++++ Records for the exercise ++++

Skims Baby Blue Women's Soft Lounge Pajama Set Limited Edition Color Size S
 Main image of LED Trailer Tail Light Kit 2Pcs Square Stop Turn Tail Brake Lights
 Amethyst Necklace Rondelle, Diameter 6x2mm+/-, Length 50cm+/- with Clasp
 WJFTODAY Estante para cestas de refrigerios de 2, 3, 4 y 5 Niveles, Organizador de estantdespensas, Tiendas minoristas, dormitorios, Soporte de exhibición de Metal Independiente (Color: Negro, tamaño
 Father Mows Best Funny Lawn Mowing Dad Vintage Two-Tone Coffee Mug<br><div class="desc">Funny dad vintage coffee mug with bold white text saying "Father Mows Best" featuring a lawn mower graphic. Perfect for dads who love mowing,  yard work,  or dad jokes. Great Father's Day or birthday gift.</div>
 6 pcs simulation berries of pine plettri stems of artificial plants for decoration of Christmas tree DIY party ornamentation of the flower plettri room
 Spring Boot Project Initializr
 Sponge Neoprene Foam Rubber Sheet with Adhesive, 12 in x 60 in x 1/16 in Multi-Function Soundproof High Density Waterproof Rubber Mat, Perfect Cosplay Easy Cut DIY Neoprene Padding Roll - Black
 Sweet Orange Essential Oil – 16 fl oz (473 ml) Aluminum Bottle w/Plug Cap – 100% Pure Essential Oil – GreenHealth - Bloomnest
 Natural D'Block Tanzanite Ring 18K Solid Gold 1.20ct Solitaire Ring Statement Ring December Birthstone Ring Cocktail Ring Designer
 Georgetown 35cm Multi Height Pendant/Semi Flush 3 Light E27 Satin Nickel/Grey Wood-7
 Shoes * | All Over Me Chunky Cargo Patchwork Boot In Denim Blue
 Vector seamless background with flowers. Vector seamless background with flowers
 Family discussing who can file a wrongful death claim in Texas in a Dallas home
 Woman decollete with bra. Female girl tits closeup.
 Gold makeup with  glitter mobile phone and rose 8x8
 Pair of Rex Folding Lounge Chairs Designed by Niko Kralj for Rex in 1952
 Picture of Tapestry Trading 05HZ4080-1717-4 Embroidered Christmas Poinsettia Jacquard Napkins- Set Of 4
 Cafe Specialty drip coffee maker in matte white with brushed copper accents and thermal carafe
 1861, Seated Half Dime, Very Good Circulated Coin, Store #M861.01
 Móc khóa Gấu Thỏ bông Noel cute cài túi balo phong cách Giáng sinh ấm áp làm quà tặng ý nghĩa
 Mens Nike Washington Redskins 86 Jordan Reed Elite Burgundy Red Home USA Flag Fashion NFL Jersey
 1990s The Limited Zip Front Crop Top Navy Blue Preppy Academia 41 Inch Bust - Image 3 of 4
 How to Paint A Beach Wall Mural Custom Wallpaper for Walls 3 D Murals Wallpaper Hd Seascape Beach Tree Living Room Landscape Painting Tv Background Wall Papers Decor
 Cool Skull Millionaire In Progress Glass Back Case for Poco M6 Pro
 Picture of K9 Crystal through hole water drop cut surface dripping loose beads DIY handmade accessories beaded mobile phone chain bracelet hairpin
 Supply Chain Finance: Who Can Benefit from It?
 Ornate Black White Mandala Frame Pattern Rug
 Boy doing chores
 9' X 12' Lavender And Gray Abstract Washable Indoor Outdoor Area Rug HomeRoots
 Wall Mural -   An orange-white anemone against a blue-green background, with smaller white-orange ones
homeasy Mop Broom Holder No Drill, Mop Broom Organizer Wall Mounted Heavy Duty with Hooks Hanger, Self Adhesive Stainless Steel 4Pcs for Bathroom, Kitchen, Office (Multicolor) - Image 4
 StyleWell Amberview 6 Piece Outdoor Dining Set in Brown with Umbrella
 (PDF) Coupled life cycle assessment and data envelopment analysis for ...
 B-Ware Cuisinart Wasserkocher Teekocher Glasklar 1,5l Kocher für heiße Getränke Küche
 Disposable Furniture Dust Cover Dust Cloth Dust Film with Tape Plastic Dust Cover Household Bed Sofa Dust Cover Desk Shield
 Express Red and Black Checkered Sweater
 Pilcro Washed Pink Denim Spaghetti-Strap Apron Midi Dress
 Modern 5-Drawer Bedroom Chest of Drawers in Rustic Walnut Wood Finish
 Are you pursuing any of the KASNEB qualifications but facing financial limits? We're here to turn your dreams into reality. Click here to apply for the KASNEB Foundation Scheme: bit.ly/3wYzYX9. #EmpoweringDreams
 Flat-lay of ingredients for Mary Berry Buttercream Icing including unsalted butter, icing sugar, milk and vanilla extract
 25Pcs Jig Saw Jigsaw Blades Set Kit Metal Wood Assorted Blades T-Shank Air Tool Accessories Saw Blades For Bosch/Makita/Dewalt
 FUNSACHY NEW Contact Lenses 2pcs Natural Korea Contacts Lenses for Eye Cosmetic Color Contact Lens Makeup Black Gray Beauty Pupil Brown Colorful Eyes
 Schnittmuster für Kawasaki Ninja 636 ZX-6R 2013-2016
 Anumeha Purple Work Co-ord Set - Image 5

++++

--- Goal of the exercise ---
Without leaving anything out, repeat the data exactly.

--- Problem solution ---
Skims Baby Blue Women's Soft Lounge Pajama Set Limited Edition Color Size S
 Main image of LED Trailer Tail Light Kit 2Pcs Square Stop Turn Tail Brake Lights
 Amethyst Necklace Rondelle, Diameter 6x2mm+/-, Length 50cm+/- with Clasp
 WJFTODAY Estante para cestas de refrigerios de 2, 3, 4 y 5 Niveles, Organizador de estantdespensas, Tiendas minoristas, dormitorios, Soporte de exhibición de Metal Independiente (Color: Negro, tamaño
 Father Mows Best Funny Lawn Mowing Dad Vintage Two-Tone Coffee Mug<br><div class="desc">Funny dad vintage coffee mug with bold white text saying "Father Mows Best" featuring a lawn mower graphic. Perfect for dads who love mowing,  yard work,  or dad jokes. Great Father's Day or birthday gift.</div>
 6 pcs simulation berries of pine plettri stems of artificial plants for decoration of Christmas tree DIY party ornamentation of the flower plettri room
 Spring Boot Project Initializr
 Sponge Neoprene Foam Rubber Sheet with Adhesive, 12 in x 60 in x 1/16 in Multi-Function Soundproof High Density Waterproof Rubber Mat, Perfect Cosplay Easy Cut DIY Neoprene Padding Roll - Black
 Sweet Orange Essential Oil – 16 fl oz (473 ml) Aluminum Bottle w/Plug Cap – 100% Pure Essential Oil – GreenHealth - Bloomnest
 Natural D'Block Tanzanite Ring 18K Solid Gold 1.20ct Solitaire Ring Statement Ring December Birthstone Ring Cocktail Ring Designer
 Georgetown 35cm Multi Height Pendant/Semi Flush 3 Light E27 Satin Nickel/Grey Wood-7
 Shoes * | All Over Me Chunky Cargo Patchwork Boot In Denim Blue
 Vector seamless background with flowers. Vector seamless background with flowers
 Family discussing who can file a wrongful death claim in Texas in a Dallas home
 Woman decollete with bra. Female girl tits closeup.
 Gold makeup with  glitter mobile phone and rose 8x8
 Pair of Rex Folding Lounge Chairs Designed by Niko Kralj for Rex in 1952
 Picture of Tapestry Trading 05HZ4080-1717-4 Embroidered Christmas Poinsettia Jacquard Napkins- Set Of 4
 Cafe Specialty drip coffee maker in matte white with brushed copper accents and thermal carafe
 1861, Seated Half Dime, Very Good Circulated Coin, Store #M861.01
 Móc khóa Gấu Thỏ bông Noel cute cài túi balo phong cách Giáng sinh ấm áp làm quà tặng ý nghĩa
 Mens Nike Washington Redskins 86 Jordan Reed Elite Burgundy Red Home USA Flag Fashion NFL Jersey
 1990s The Limited Zip Front Crop Top Navy Blue Preppy Academia 41 Inch Bust - Image 3 of 4
 How to Paint A Beach Wall Mural Custom Wallpaper for Walls 3 D Murals Wallpaper Hd Seascape Beach Tree Living Room Landscape Painting Tv Background Wall Papers Decor
 Cool Skull Millionaire In Progress Glass Back Case for Poco M6 Pro
 Picture of K9 Crystal through hole water drop cut surface dripping loose beads DIY handmade accessories beaded mobile phone chain bracelet hairpin
 Supply Chain Finance: Who Can Benefit from It?
 Ornate Black White Mandala Frame Pattern Rug
 Boy doing chores
 9' X 12' Lavender And Gray Abstract Washable Indoor Outdoor Area Rug HomeRoots
 Wall Mural -   An orange-white anemone against a blue-green background, with smaller white-orange ones
homeasy Mop Broom Holder No Drill, Mop Broom Organizer Wall Mounted Heavy Duty with Hooks Hanger, Self Adhesive Stainless Steel 4Pcs for Bathroom, Kitchen, Office (Multicolor) - Image 4
 StyleWell Amberview 6 Piece Outdoor Dining Set in Brown with Umbrella
 (PDF) Coupled life cycle assessment and data envelopment analysis for ...
 B-Ware Cuisinart Wasserkocher Teekocher Glasklar 1,5l Kocher für heiße Getränke Küche
 Disposable Furniture Dust Cover Dust Cloth Dust Film with Tape Plastic Dust Cover Household Bed Sofa Dust Cover Desk Shield
 Express Red and Black Checkered Sweater
 Pilcro Washed Pink Denim Spaghetti-Strap Apron Midi Dress
 Modern 5-Drawer Bedroom Chest of Drawers in Rustic Walnut Wood Finish
 Are you pursuing any of the KASNEB qualifications but facing financial limits? We're here to turn your dreams into reality. Click here to apply for the KASNEB Foundation Scheme: bit.ly/3wYzYX9. #EmpoweringDreams
 Flat-lay of ingredients for Mary Berry Buttercream Icing including unsalted butter, icing sugar, milk and vanilla extract
 25Pcs Jig Saw Jigsaw Blades Set Kit Metal Wood Assorted Blades T-Shank Air Tool Accessories Saw Blades For Bosch/Makita/Dewalt
 FUNSACHY NEW Contact Lenses 2pcs Natural Korea Contacts Lenses for Eye Cosmetic Color Contact Lens Makeup Black Gray Beauty Pupil Brown Colorful Eyes
 Schnittmuster für Kawasaki Ninja 636 ZX-6R 2013-2016
 Anumeha Purple Work Co-ord Set - Image 5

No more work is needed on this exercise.